MSCI’s Approach to Tax Risk Management and Governance Arrangements

Executive responsibility for MSCI’s tax strategy, tax risk and the supporting tax governance framework is the responsibility of the Chief Financial Officer (CFO).  Day to day responsibility for these functions sits with the Head of Tax who reports to the CFO. The MSCI tax department consists of qualified and experienced finance professionals and works with the global controller’s organization, which is similarly staffed, to manage MSCI’s tax affairs globally.

MSCI has robust internal procedures and compliance programs to ensure we meet our tax compliance responsibilities. Those procedures are reviewed and tested by MSCI’s internal audit department and the tax department regularly reports to MSCI’s enterprise risk function to assess developing risk areas.

Ultimate oversight of MSCI’s tax policies and risk is by the audit committee of the independent board of directors and the Head of Tax regularly updates the audit committee on all significant tax matters and developments.

MSCI requires every employee to certify annually their commitment to the company’s code of conduct which stresses our commitment to ethical, transparent and responsible behavior in everything we do.

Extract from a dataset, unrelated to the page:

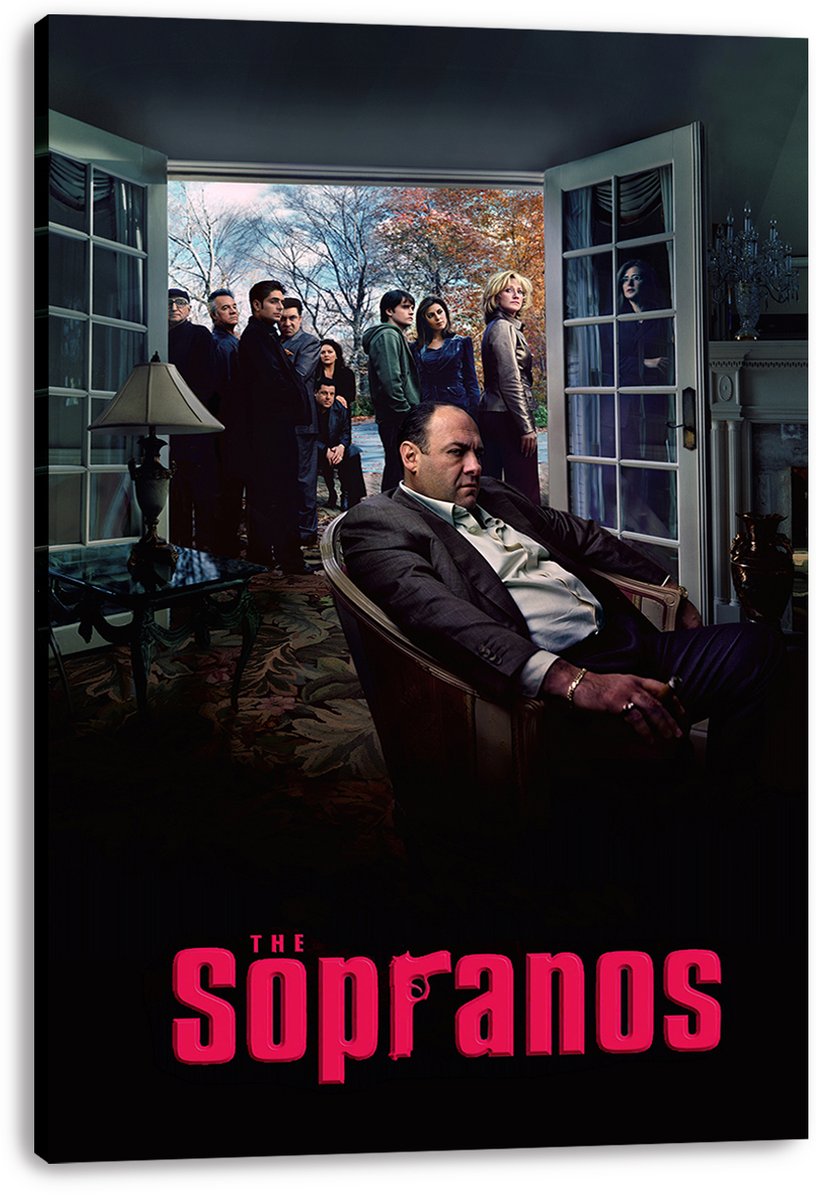 The Sopranos canvas wall art print depicts Tony Soprano in an armchair, with a group at the doorway and red title lettering.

MSCI’s approach to tax is aligned with the code of conduct.

MSCI’s Attitude to Tax Planning

MSCI recognizes that it has a responsibility to pay an appropriate amount of tax in each of the jurisdictions in which it operates. Against this MSCI must balance its responsibilities to maximize MSCI’s sustainable returns to shareholders. MSCI will not undertake any tax planning that cannot be sustained by the commercial requirements of the group and does not have economic substance. MSCI will not undertake any tax planning unless MSCI believes that the strategy is compliant and more likely than not to succeed.

MSCI’s Attitude Towards  Risk

MSCI sees compliance with tax legislation as key to managing MSCI’s tax risk. MSCI’s strategic aim is to be complaint in all jurisdictions with regard to taxes and to come into compliance as soon as practical once MSCI is aware of a risk in a particular jurisdiction. Where there is significant uncertainty or complexity relating to an identified risk, external professional tax advice may be sought. MSCI uses reputable tax advisers to assist it meet its tax compliance responsibilities where it does not have appropriate local resources internally.

MSCI’s Approach to Dealing with Tax Authorities

MSCI engages with tax authorities in a transparent manner, with the highest degree of integrity, in order to foster cooperation and trust. MSCI seeks to resolve any disputes through pro-active discussion and negotiation with the tax authority.